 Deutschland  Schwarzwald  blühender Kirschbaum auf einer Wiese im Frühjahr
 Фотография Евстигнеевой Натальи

--

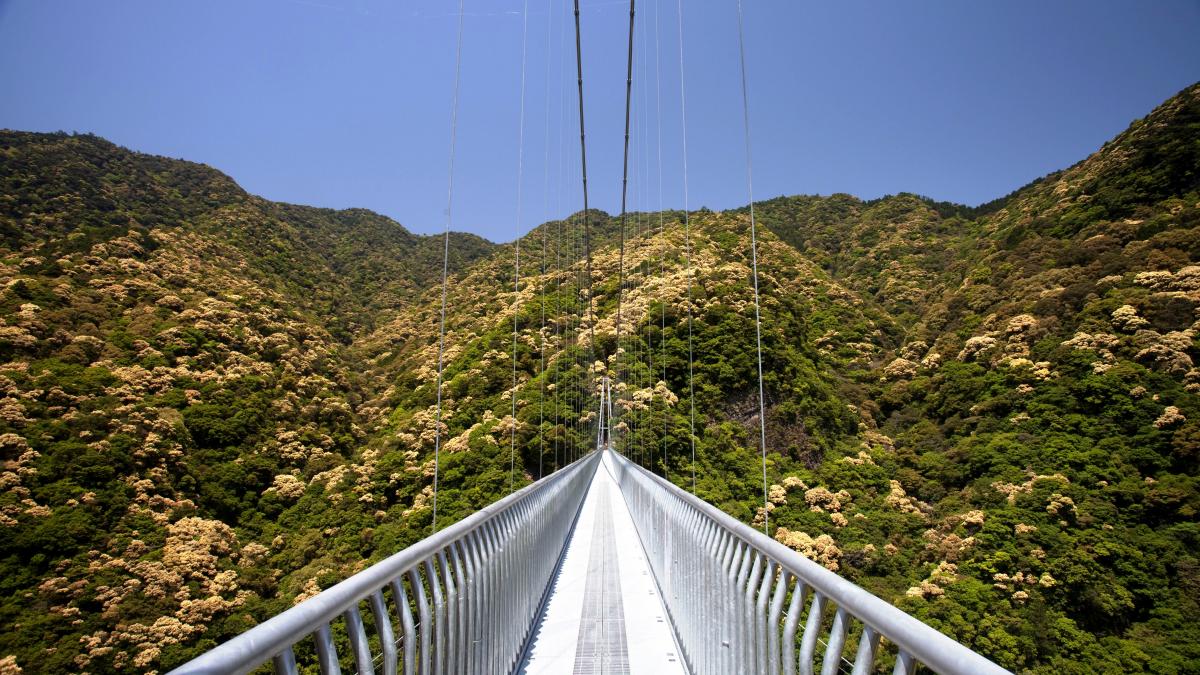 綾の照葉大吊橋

WHAT TO DO: Your answer should consist of the lines from the line with "Wiese im Frühjahr" to the line with "Фотография Евстигнеевой Натальи" above, repeated exactly, both ends included.

YOUR SOLUTION:
 Deutschland  Schwarzwald  blühender Kirschbaum auf einer Wiese im Frühjahr
 Фотография Евстигнеевой Натальи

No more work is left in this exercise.